I tend to shoot what I collect (with a couple of exceptions) so anything I buy must be mechanically sound and not “demilled” (made inactive). I don’t want a Thompson sub machine gun with a dummy receiver no matter how many original parts they hang on it.
I select guns based on condition and originality. That is, I don't collect sporterized military rifles, but someone else might find it a fascinating field. I make sure that any gun I buy has all the parts the factory intended and no extras. Similarly, serially numbered parts must match.
In fact, the more you know about a particular gun, the easier it will be to spot problems that reduce its value or historical interest. A good set of reference books is a must. By the way, I loathe electro-penned imports marks. I own a few with these marks, but I’m not pleased.
I hope to find cartouches (inspection stamps in the wood that the Federal inspectors used before and during World War II and slightly beyond), but an arsenal rebuild might not have them.
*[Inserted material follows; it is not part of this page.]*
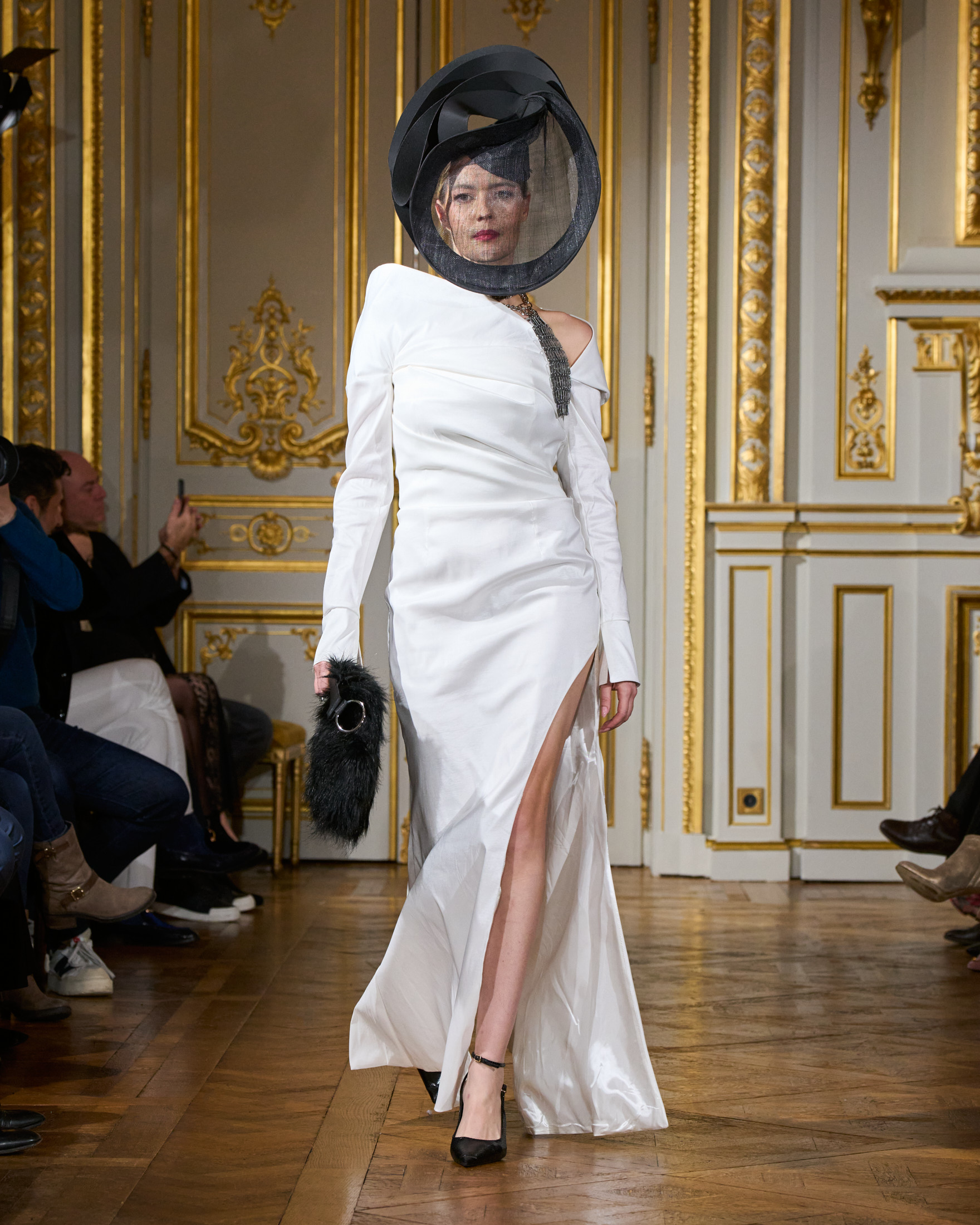 photo: Alessandro Lucioni / Gorunway.com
I'd rather not buy rebuilt firearms, but complete originals are not always in my price range.
Condition is important. I've picked up a few diamonds in the rough before and "rescued" them, but it takes a lot of work and it's better to buy guns in good condition in the first place. I look for a gun with a nice, bright bore with strong rifling. I want the gun to be free of rust and pitting from previous rust removal. The stocks/grips should look decent although a little wear is not a problem. The action should work and feel like it is working. That is, the bolt shouldn’t feel like you’re pulling it out of concrete, the trigger should activate the sear, etc.
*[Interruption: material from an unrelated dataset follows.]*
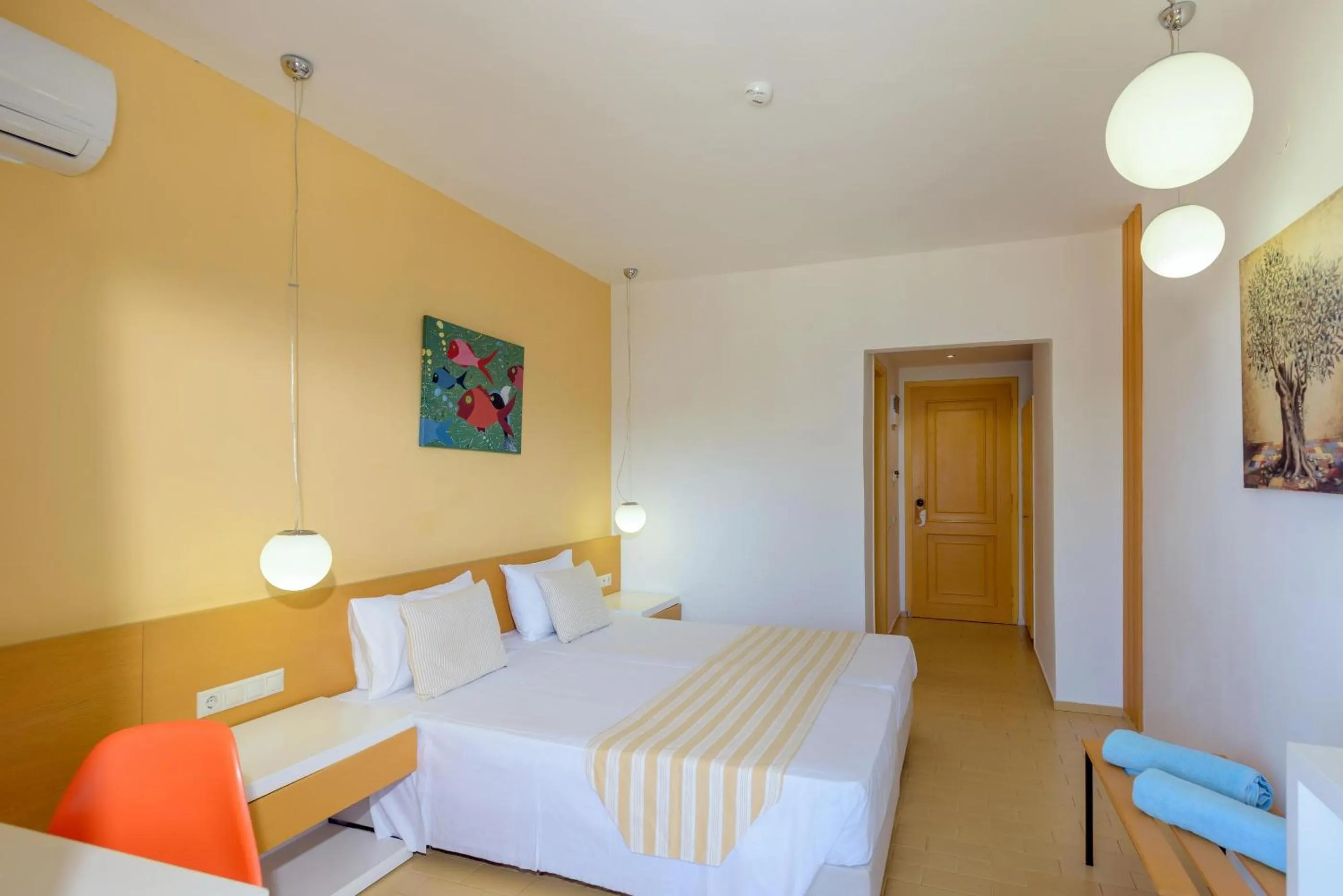 Photo of the whole room, Bed in Zeus Hotels Palm Beach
As far as preservation, a lot of military guns will come coated in cosmoline and it takes a lot of work to get it all off. Once you have the cosmoline off, there’s still dirt and grime to worry about. Be careful of using solvents like turpentine or alcohol. You could wreak a sporting arm's finish quickly and not really help a military gun’s finish (usually linseed oil rubbed into the wood). Because I want to keep the gun as original as possible, I don’t refinish my guns (I made an exception for my M1 Garand that didn’t have an original finish).
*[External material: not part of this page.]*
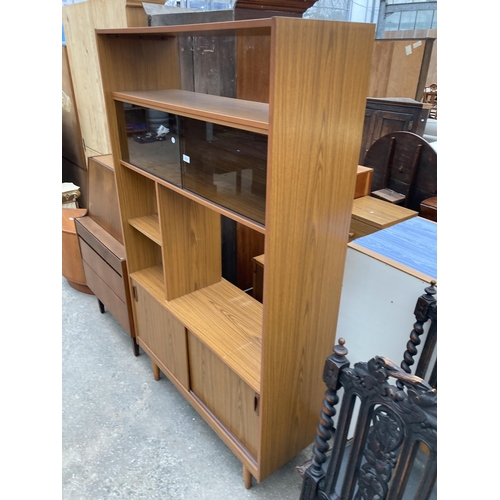 2567 - A SCHREIBER RETRO TEAK DISPLAY UNIT WITH FOUR SLIDING DOORS, TWO BEING GLASS, 42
Inspect for active rust. If you find any, you'll need to remove it with dental picks or similar tools, but go slow and don’t scratch the non-affected area. Once cleaned, I usually apply a thin film of CLP BreakFree to the metal and I've been known to rub a silicone cloth over the wood and metal as a rust preventive.
Guns should be stored in a reasonably dry environment. If you use a gun safe, the sealed interior becomes a micro-environment and it can get humid in there. You'll probably need a dehumidifier or drying agent in the safe.
There may be a time when you want to sell a gun from your collection. Be careful because it's easier to break the law when you sell than when you buy. For instance, you can’t sell a handgun to someone who doesn’t live in your state (there are exceptions for Curios and Relics if you and/or the buyer are licensed depending on the circumstances).
Guns tend to hold their value over time and if you keep them long enough, you can make a profit. But, you can't sell them in such a way that means you're "in the business" of selling guns (i.e., selling a lot at once). Selling them on consignment through a gun store is a good idea although it'll reduce the amount you'll make from the sell. Still, it beats having the ATF knock down your door at 4:00 am. I don’t like giving that advice, but it’s a reality in today’s world.